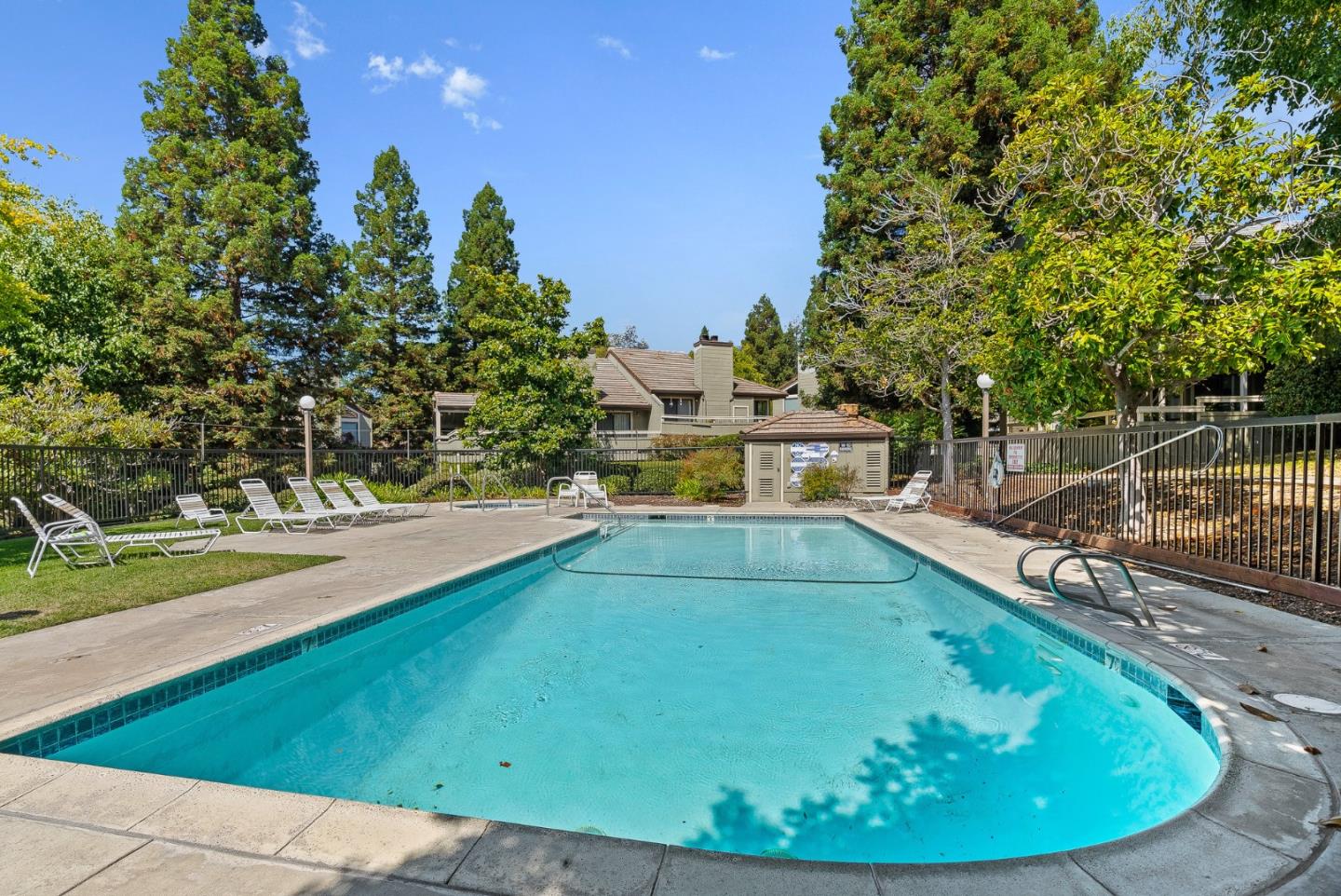 111 Bean Creek Road, Unit 115 Scotts Valley, CA 95066 - Photo 22 of 24 a view of a swimming pool with a yard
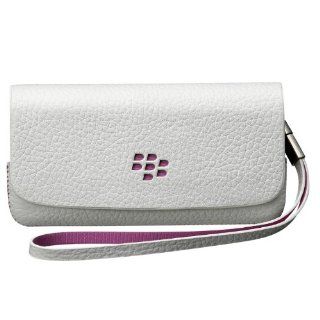 White W/ Pink Accent Folio F/ Blackberry 91Xx Cell Phones & Accessories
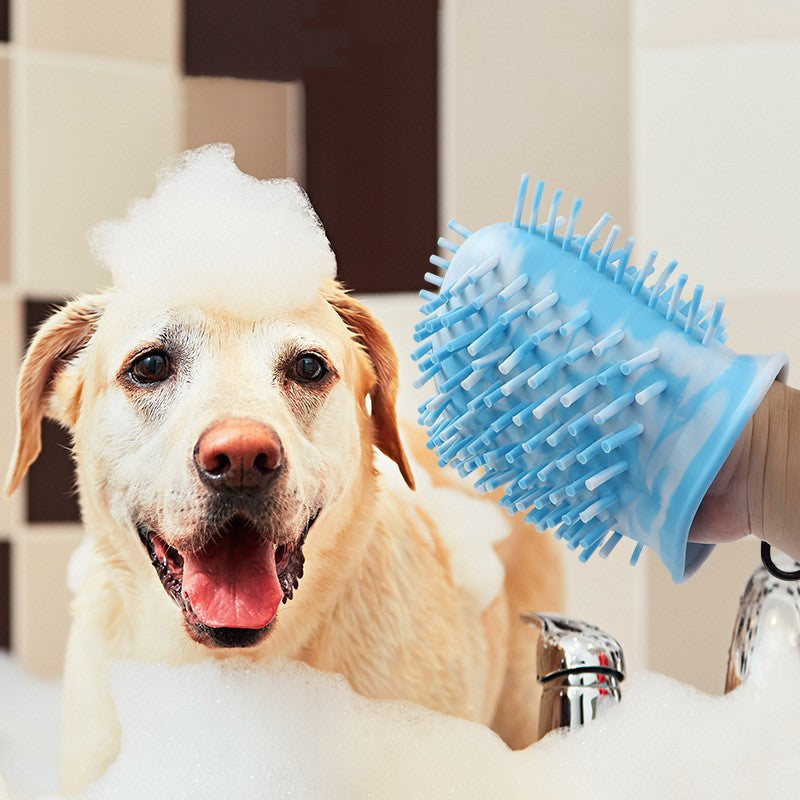 - Pet Paw Cleaning Cup 2‑in‑1 Silicone Dog Foot Washer & Brush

_ _ _ _ _

* _DIRECTIONS FOR THIS TASK_:
Starting with the line that contains "White W/ Pink", repeat each line exactly until the listing ends, including the last one. Leave pictures out.

* _EXPECTED ANSWER_:
 White W/ Pink Accent Folio F/ Blackberry 91Xx Cell Phones & Accessories
 - Pet Paw Cleaning Cup 2‑in‑1 Silicone Dog Foot Washer & Brush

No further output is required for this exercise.